Rising out of the gloom is a staircase in the Church Mayor of Santa María de la Encarnación in Alhama de Granada, a beautiful Moorish white village in Granada Province.
For centuries, the Iberian Peninsula was a Muslim land with Muslim rulers and a Muslim population. At its height, Iberia had over 5 million Muslims, a majority of the people. Muslim rulers built an advanced civilization based on faith and knowledge. In the 900s, the capital of Muslim Spain, Cordoba, had paved roads, hospitals, street lights and city calligraphers were producing 6,000 books per year. The society was a peaceful mixture of European and African cultures, represented by Muslims, Jews, and Christians living in harmony side by side.
This almost utopian society couldn’t last forever, and the Reconquista, or Reconquest, of Spain by Catholic monarchs progressed through the 11th to the 15th centuries. After the fall of Granada in 1492, most Muslims expected Muslim armies from Africa would soon come to re-establish a Muslim state.
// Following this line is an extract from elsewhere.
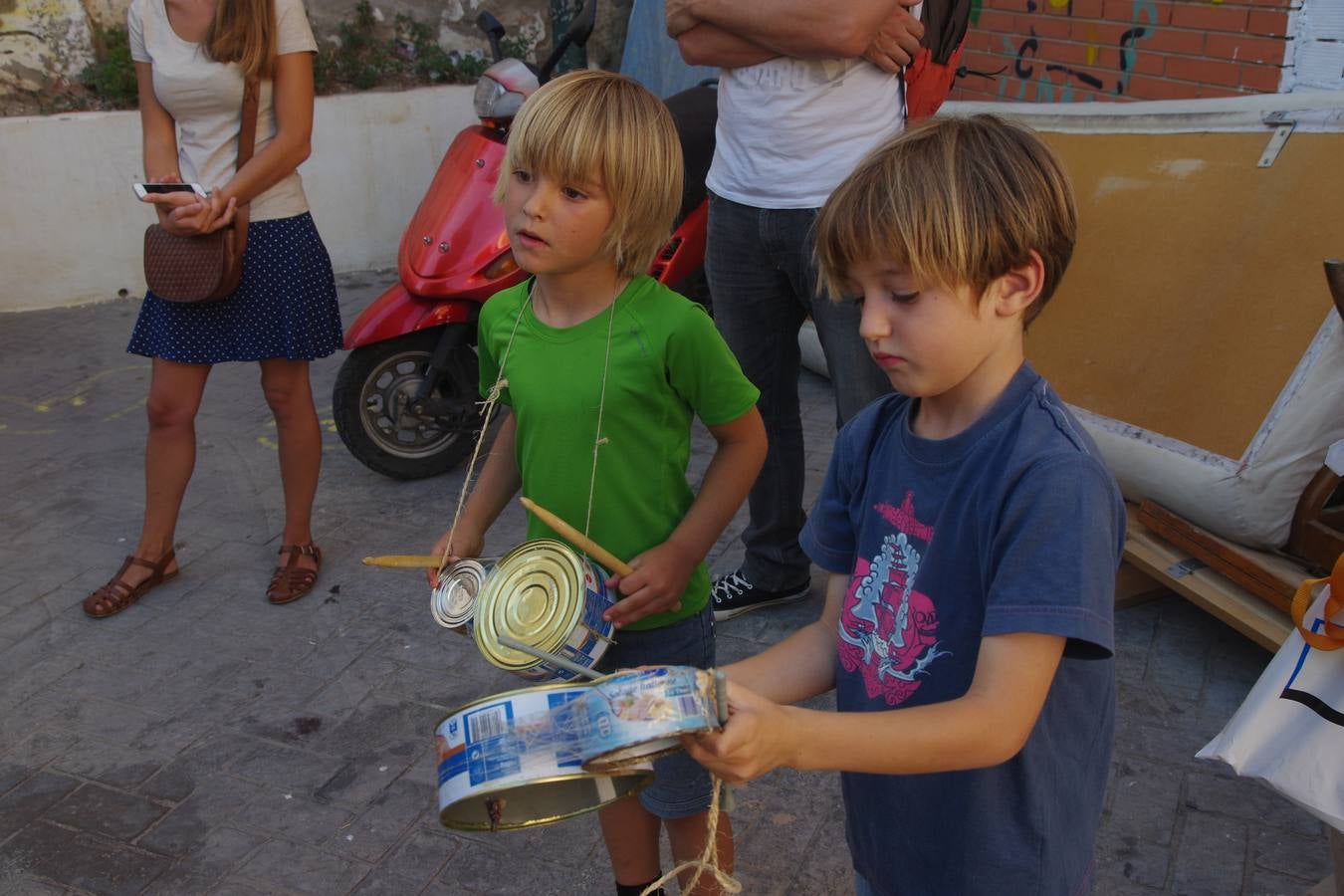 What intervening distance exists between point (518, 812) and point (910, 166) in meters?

For the new Spanish monarchs, Ferdinand and Isabella, their religious intentions were the opposite of the peaceful co-existence that previously existed and the events that followed were a testament of absolute religious intolerance toward both Muslim and Jewish peoples.
So they left; and Catholic worship took place in what had been the former Muslim mosque in Alhama de Granada until it was destroyed to build a new temple in the Spanish Gothic style…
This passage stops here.